Вилцинь тщетно пытается отделаться от нее. Обозлившись наконец, он отрывает вцепившиеся в него маленькие посиневшие ручонки и так толкает девочку, что она садится на пол.
– Вот дрянь, покоя не дает, присосалась, словно пиявка, и не оторвешь ее… Шага не дает ступить…
Девочка сидит и молча смотрит на отца. Но когда он, не переставая браниться, выбегает из кучерской, ее глаза широко раскрываются, и в них виден испуг. Она и не думает плакать – долго сидит, не двигаясь, глядя за дверь в серый густой туман…
Вилцинь нагоняет Бадера, который, кашляя, взбирается на пригорок. Остальные успели уйти далеко вперед.
– Поторапливайся, кум, поторапливайся! – подбадривает Вилцинь, обгоняя его. Но Бадер из-за кашля не может даже ответить.
Пока семеро охотников размещаются вдоль ближней опушки сосняка, толпа загонщиков и псарь с собаками должны обойти его и гнать зайца с другой стороны. С ними отправляется и лесник, чтобы расставить загонщиков.

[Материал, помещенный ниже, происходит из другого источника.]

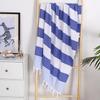 Turkish Cotton Striped Beach Towel with Tassels – Absorbent, Ideal for Bathing, Swimming, and Sun Protection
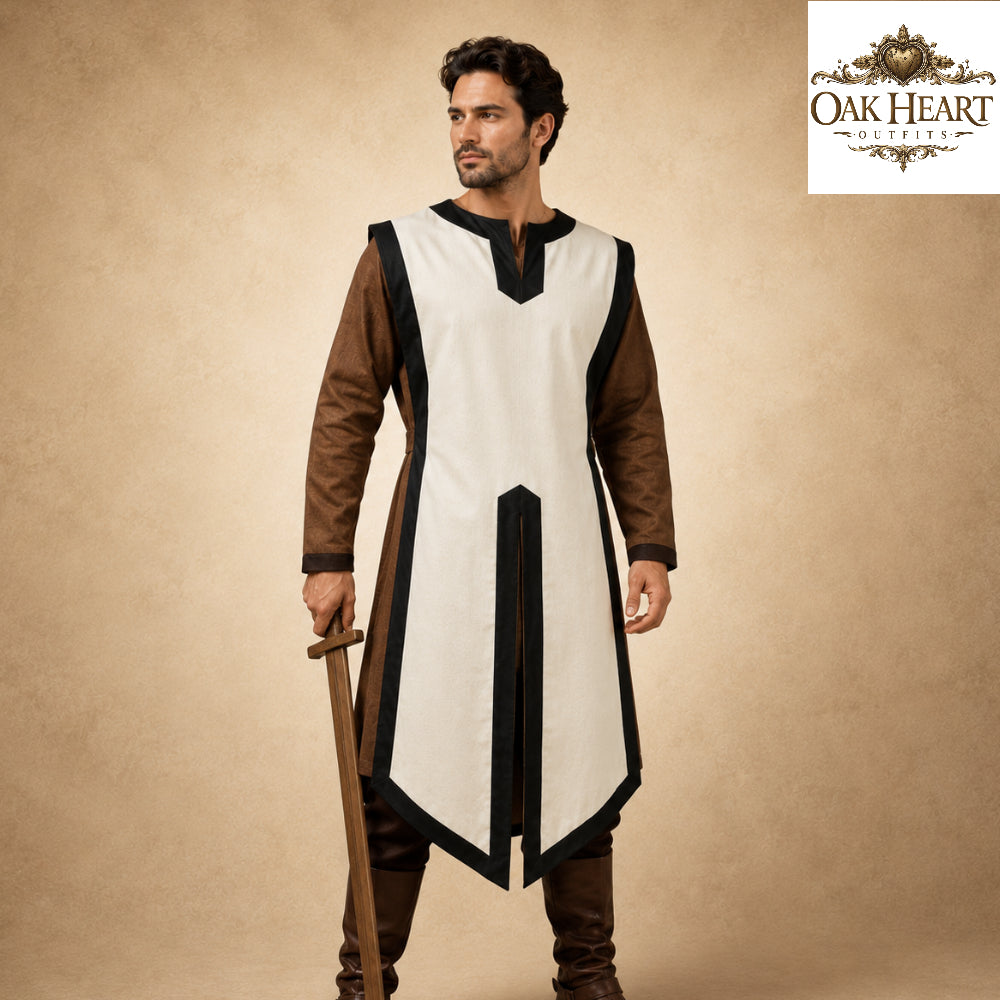 Medieval Cotton Tabard with Side Laces – Crusader Surcoat for LARP & Reenactment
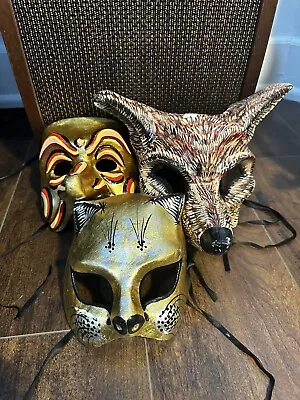 Vintage Paper Mache Mask -  Venice Italy - Mardi Gras Theatre Costume Fox F.G.B • $99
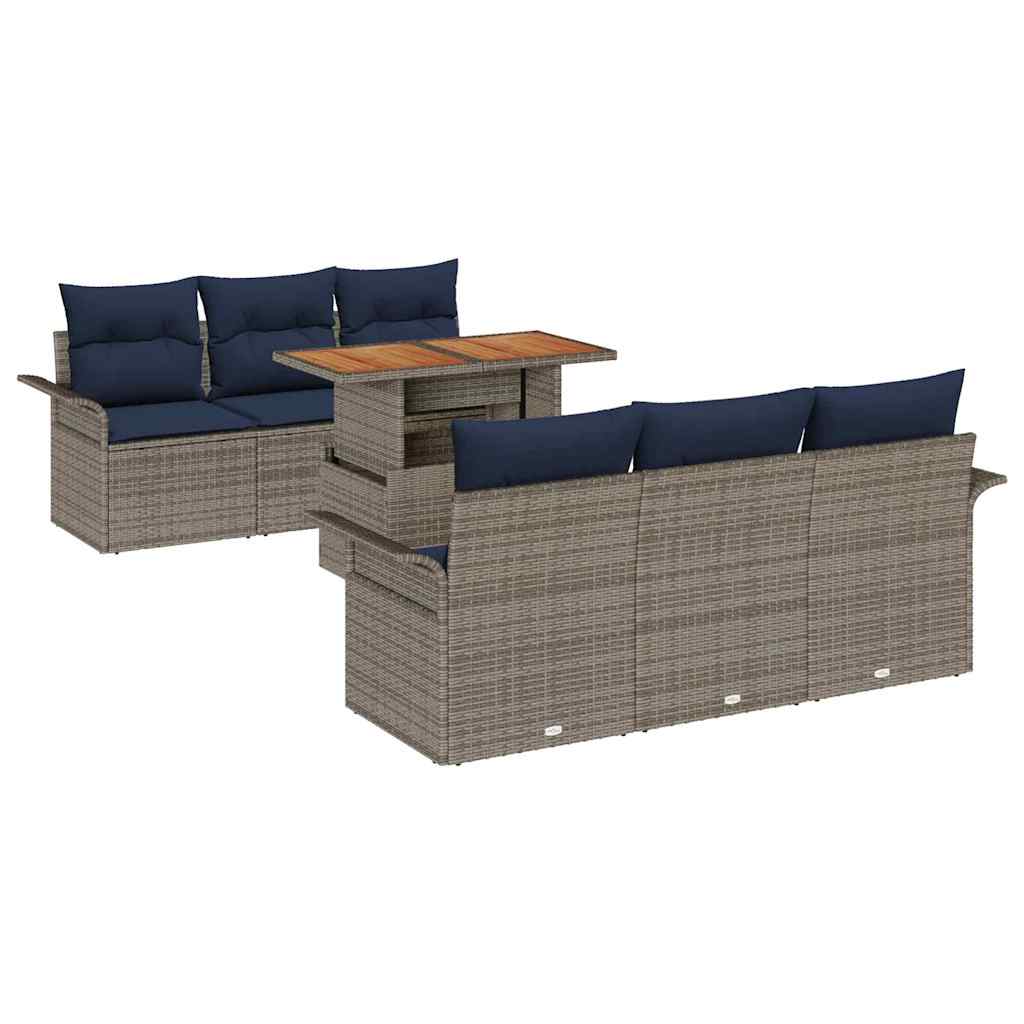 Set Divano da Giardino 7 pcs Grigio e Blu Navy polyrattan | homemem39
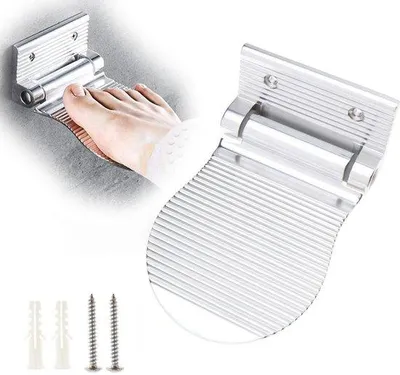 Imagen del producto de Reposapiés para baño y ducha - aluminio - Pedal abatible para apoyar los pies - Soporte para las piernas - Reposapiés para pedicura - Soporte para pedicura - Cuidado de pies - plateado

Нелегкая задача выстроить всю эту толпу в один ряд. Все должны разом поднять шум и побежать, иначе заяц раньше времени встрепенется и уйдет. Но разгоряченные загонщики топчутся и никак не могут устоять на месте. И когда наконец их расставляют, лесник подает условный знак выстрелом из ружья. Крича, галдя, свистя и хлопая в ладоши, загонщики бегут вперед. Собаки воют, рвутся и снова тащат псаря по снегу. Трещат сучья, с глухим шумом обваливается снег…
Сначала загонщики бегут большими скачками, обгоняя друг друга, словно добыча тут же, за первым кустом, и каждый опасается, что его опередит сосед. Плаука даже отталкивает в сторону Бадера, который неведомо как, несмотря на свой кашель, очутился на несколько шагов впереди. Рыжая борода его развевается, глаза блестят сквозь длинные мохнатые ресницы, руки протянуты вперед… Он совершенно забыл, что добыча – обыкновенный заяц. Ему кажется, что он должен настигнуть что-то большое, значительное.